Note that another advantage of this solution is that you won’t tamper with any of the original messages (that are either in your inbox or in any of its subfolders). Some might call this a disadvantage though.

That’s it, have fun! :)

[1] I pay 0.10 CHF per 20 KB, i.e. 5 CHF (5 USD) per MB (which is incredibly expensive as I currently don’t have any flat rate data plan -> please don’t send me a mail bomb just for fun, else I’ll have to write a more sophisticated procmail rule that only copies messages < 100 KB to the mobile folder)
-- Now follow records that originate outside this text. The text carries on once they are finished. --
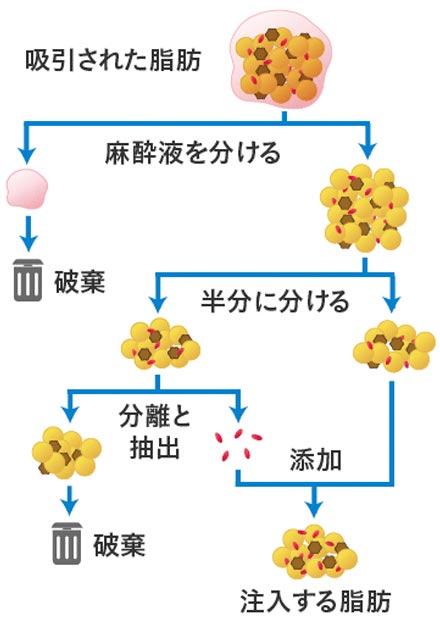 脂肪幹再脂肪注入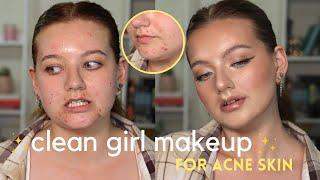 *in depth* CLEAN GIRL makeup tutorial for acnetexturedscarred skin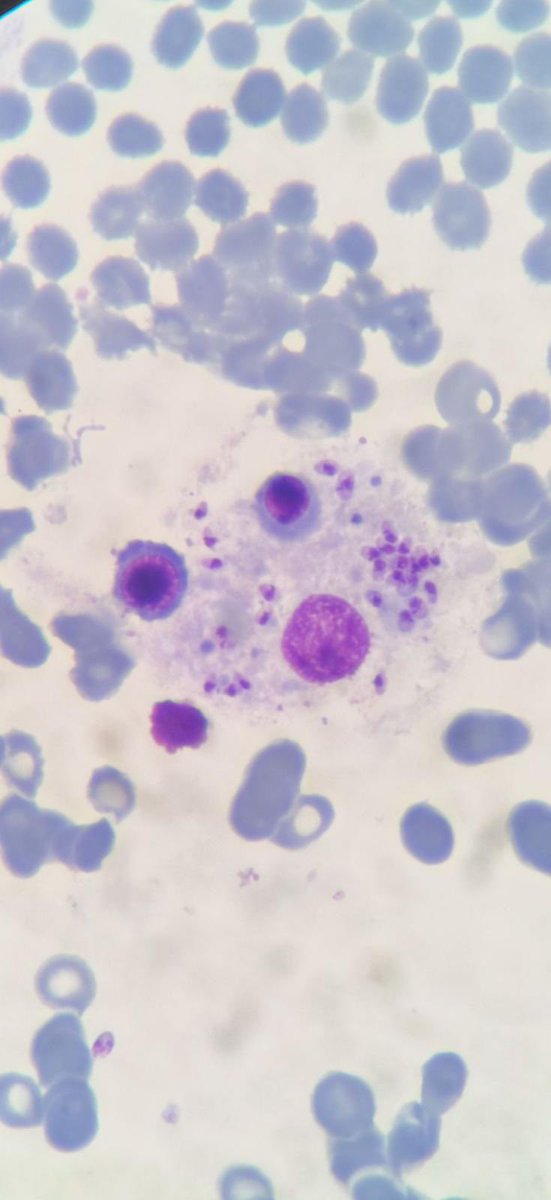 Went on a long trip, scrolling through old pics. This came up for my loved friends. A man with fever, weight loss and pancytopenia. Bone marrow showed this. What’s your diagnosis and next step?🤔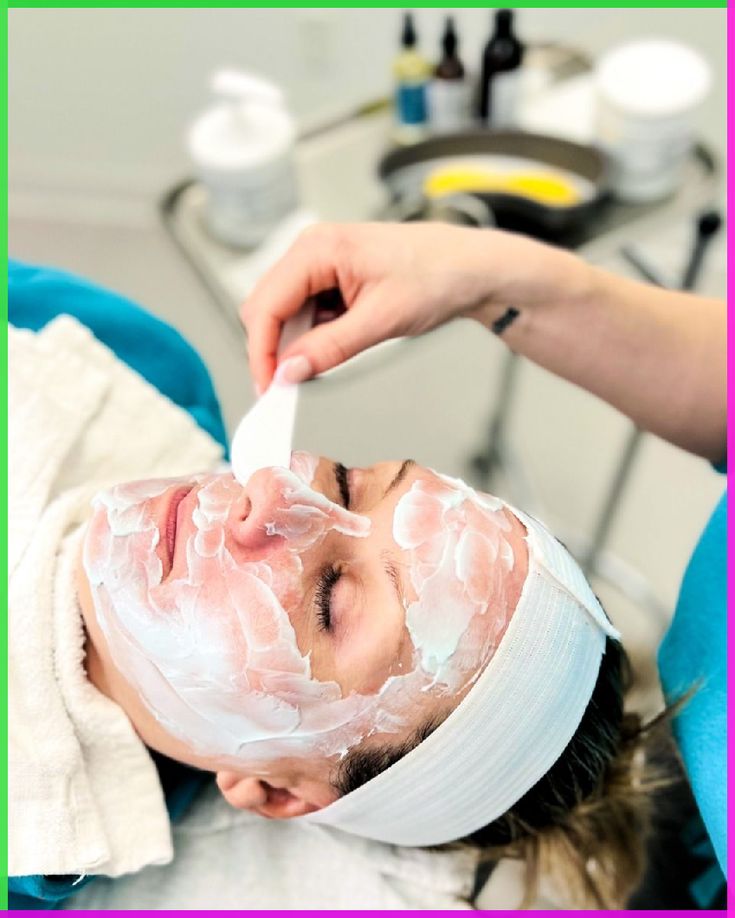 Chemical peel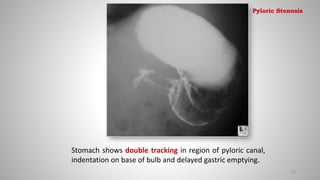 Stomach shows double tracking in region of pyloric canal,
indentation on base of bulb and delayed gastric emptying.
29
Pyloric Stenosis
 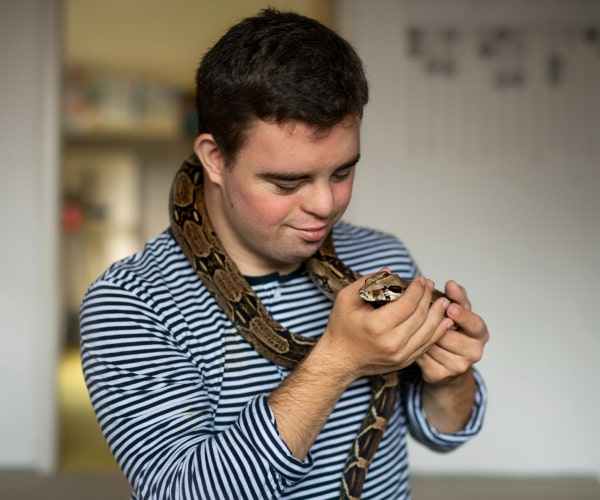 Person checking the health of a snake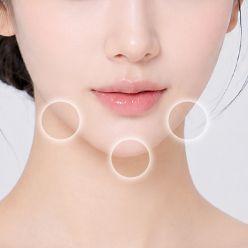 V라인 개선 부위 이미지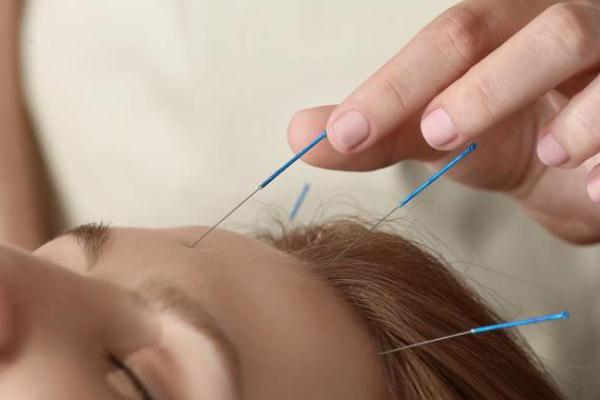 針灸有危險嗎 針灸有什么好處和壞處 針灸有危險嗎 針灸有什么好處和壞處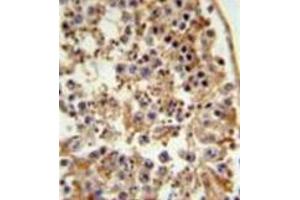 Formalin fixed and paraffin embedded testis tissue reacted with FANCC Antibody (C-term) followed by peroxidase conjugation of the secondary antibody and DAB staining. (FANCC 抗体  (C-Term))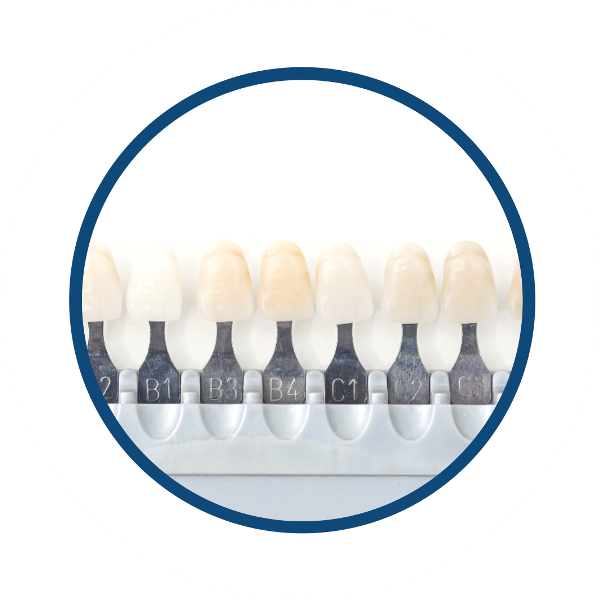 Придание желаемого оттенка коронкам и винирам входит в стоимость протезирования зубов по протоколам цифровой стоматологии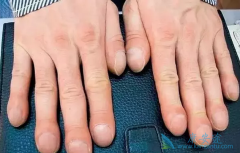 ������״ָ�Ƿ���Ƿΰ�����״ָ��ʲô��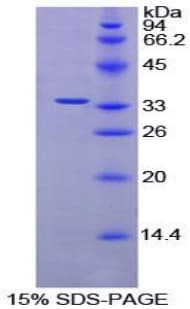 Rat AMY2A / Pancreatic Amylase Protein (Recombinant His-T7)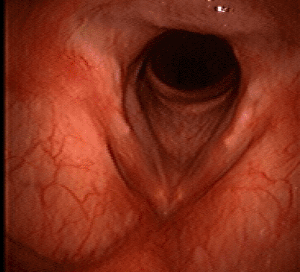 Nov 2009 Voice normal, no evidence for granuloma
Setting up postfix for virtual mail hosts

After setting up name-based virtual web hosting for Apache, I’ve just set up virtual mail hosting for my new company, Printscreen GmbH, using postfix – and it was amazingly simple! :) For some basic virtual mail hosting using normal UNIX/Linux user accounts, all you need is a plain-text file (‘/etc/postfix/virtual’) that maps virtual mail addresses to the actual user accounts and two additional lines in main.cf:

/etc/postfix/virtual:
postmaster@example.com postmaster
# Uncomment entry below to implement a catch-all address
# @example.com jim

/etc/postfix/main.cf:
virtual_alias_domains = example.com
virtual_alias_maps = hash:/etc/postfix/virtual

Then just execute

# postmap /etc/postfix/virtual && /etc/init.d/postfix reload

Voilà!

The nice postfix readme file for this and some more complicated virtual mail hosting configurations:

http://www.postfix.org/VIRTUAL_README.html

Another, possibly helpful howto (search):

http://www.freebsddiary.org/postfix.php

For setups using a MySQL database as a backend for storing the mappings, see Google. I currently don’t need this and hence don’t like to introduce any unnecessary MySQL dependency to my postfix server – remember the KISS principle ;)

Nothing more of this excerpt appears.